Ich bin besonders froh, heute in St. Petersburg zu sein, um mit Ihnen gemeinsam die Rückkehr einer Bronzekopie des "Betenden Knaben von Sanssouci" zu feiern. Das Original, eine um 300 v. Chr. entstandene hellenistische Plastik, ist eines der Prunkstücke der Berliner Antikensammlung der Stiftung Preußischer Kulturbesitz. Wie Sie wissen, befand sich schon einmal ein Abguss des "Knaben" mehr als einhundert Jahre lang im Zarenpavillon des Peterhofs, bis er von deutschen Truppen zerstört wurde. Es war ein Geschenk des preußischen Königs Friedrich Wilhelm IV an seine Schwester Charlotte von Preußen, die mit dem russischen Zaren Nikolaus I verheiratet war - und damit ein Sinnbild deutsch-russischer Freundschaft. Und dies soll das heutige Geschenk der Stiftung Preußischer Kulturbesitz nun wieder werden, worüber ich mich auch als Vorsitzende deren Stiftungsrates freue.

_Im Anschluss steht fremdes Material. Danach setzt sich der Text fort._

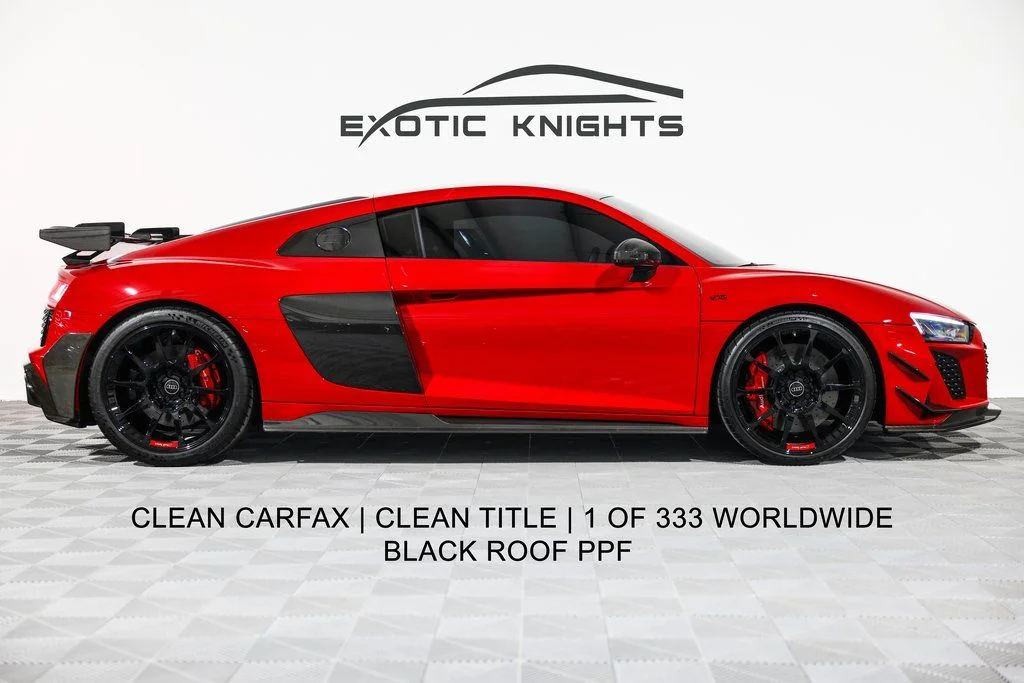 2023 Audi R8 GT RWD S tronic's photo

Sechzig Jahre nach Kriegsende brauchen wir immer noch solche Symbole, um die Brüche in unserer Geschichte zu überwinden und zertrümmertes Vertrauen neu entstehen zu lassen. Wir haben gemeinsame kulturelle Wurzeln, die nicht nur sichtbar werden dürfen, wenn das politische oder wirtschaftliche Geschäft danach verlangt. Sie sind das Fundament unserer Beziehungen, das nur tragfähig bleibt, wenn es mit gegenseitiger Verantwortung und Aufrichtigkeit verstärkt wird. Die Bundesrepublik Deutschland wird dieser Aufgabe über die Maßen gerecht. Das beweist eine Geste wie heute, umso mehr, weil sie ein sehr sensibles Feld berührt. Es geht um die Problematik der im Krieg zerstörten, verschleppten und erbeuteten Kunstwerke.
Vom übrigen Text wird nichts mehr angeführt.